═════ THE DATA
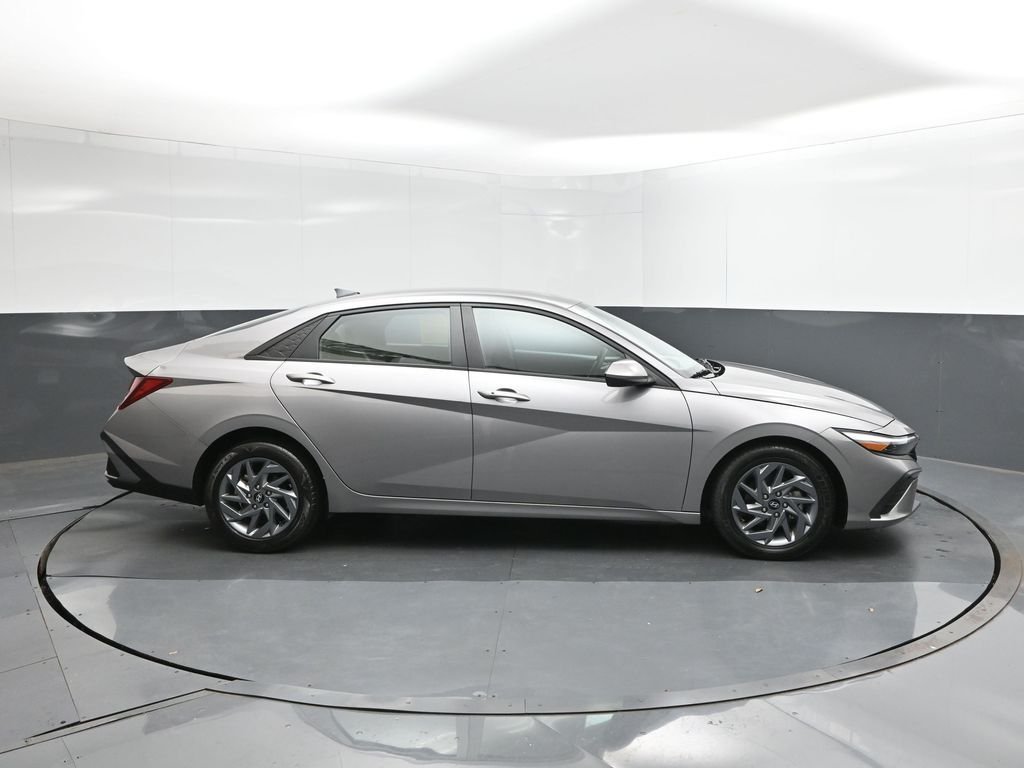 Used 2024 Silver Hyundai SEL image 15
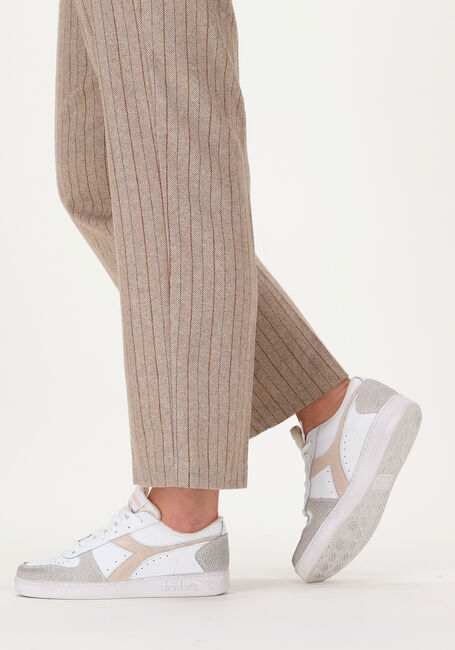 Witte DIADORA Lage sneakers MAGIC BASKET LOW ICONA WOMAN - large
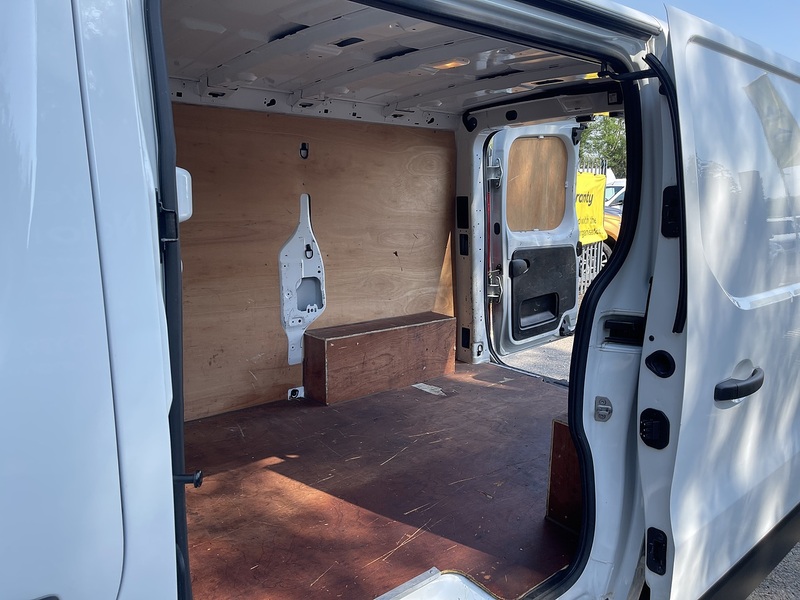 Renault Trafic 2.0 dCi Blue SL28 Business L1 H1 Euro 6 (s/s) 5dr - U903
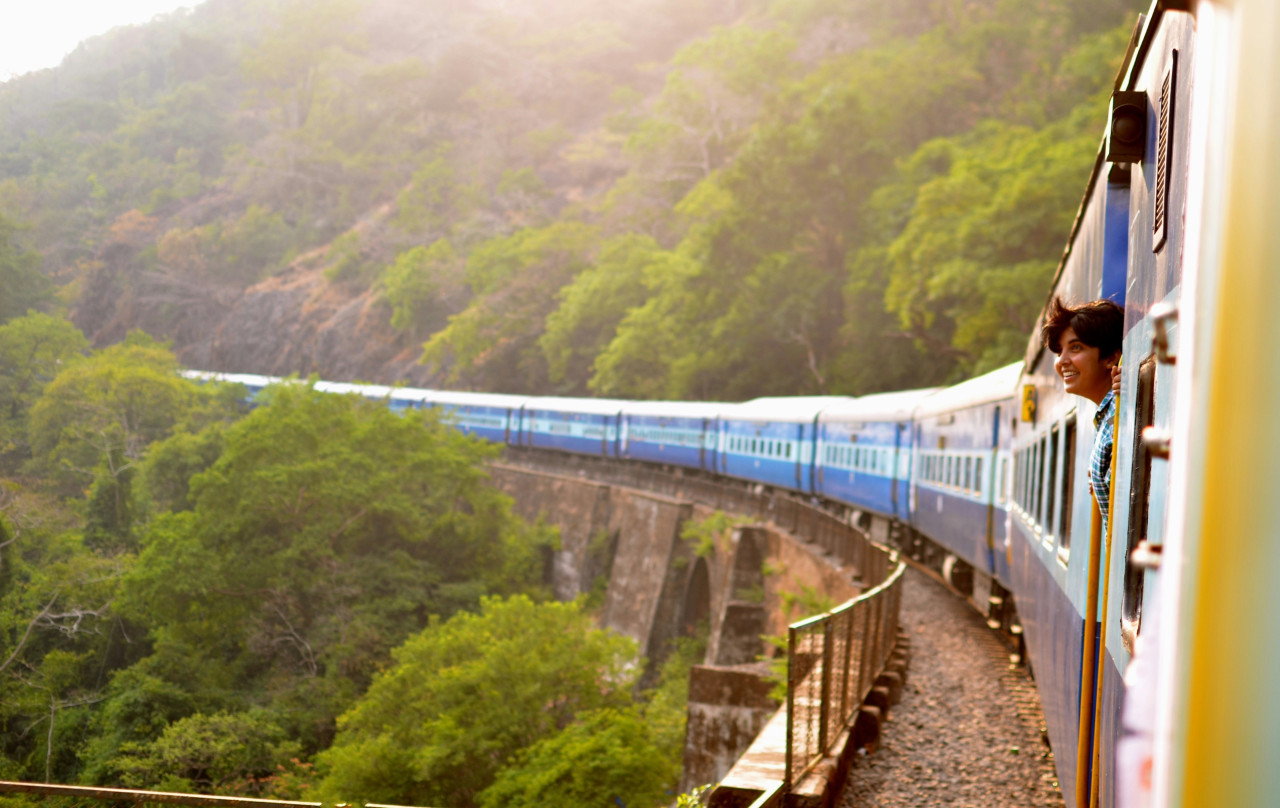 Viaje en tren. Foto: Unsplash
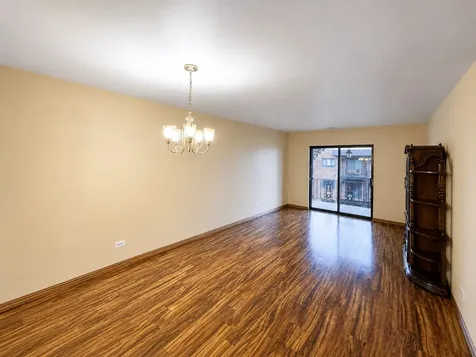 9395 Landings Lane Des Plaines IL 60016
══════════
*DIRECTIONS FOR THIS TASK*: The expected output is an exact retyping of the lines from the line with "Viaje en tren. Foto: Unsplash" through the last line of the data, with both ends kept and the pictures dropped.

*SOLVED EXERCISE*:
 Viaje en tren. Foto: Unsplash
 9395 Landings Lane Des Plaines IL 60016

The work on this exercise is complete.